The remaining phases will continue as soon as is practicable although it is hoped that the main works will be completed during the late spring early summer and thus avoid disturbance to park users and residents during the peak summer months. Again closures of the footpath along the top of the dam will be required to maintain public safety and protect the works.
As I indicated earlier the detailed design has yet to be completed but the final scheme will see the existing downstream slope repaired and strengthened and replanted with native wild grasses and wild flower species. Further details will be provided prior to the main works commencing when I shall write to you once more.’
The Council is only telling anyone what they are doing a couple of days beforehand – but at least that’s an improvement on the usual policy of scorched earth first and fend off the flak afterwards.

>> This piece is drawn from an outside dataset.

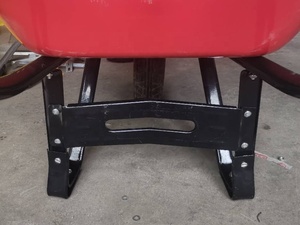 عربة طراز تروبر بعجلات لأمريكا الجنوبية - Product Image 3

It is a shame that some of the larger shrubs, especially at the top of the north end of the dam wall, are being cut down, as they are used by House Sparrows and other birds. They may be allowed to grow back depending on the schedule of funding for the works, but are slated for ultimate removal. One obvious question that arises is why, given that the Council seems to have understood the erosion issue for some time, has it only very recently planted an unimaginative array of about 3 (non-native.) shrub species across the dam bank, leaving lots of bare earth between for the weather to wash down the slope? What a waste of money that is now going to be. Will the Council now dig these out carefully and re-use elsewhere (this would be a reasonable time of year to try moving them) , or even offer to local residents for free. Probably not …..
It is unlikely that a wildflower meadow of more delicate species could be established given the maintenance requirements and the Council’s funding constraints, so a simple mix of grasses and a hefty dose of Red Clover (for Bees) may be the best approach, leaving anything else to find its own way there. Fortunately there is plenty of cover for birds elsewhere in the park, and the Council’s enlightened policy of having planted a good number of whips to enlarge the copses on the south side of the lake will go some way towards making up for the loss of woody plants on the dam wall.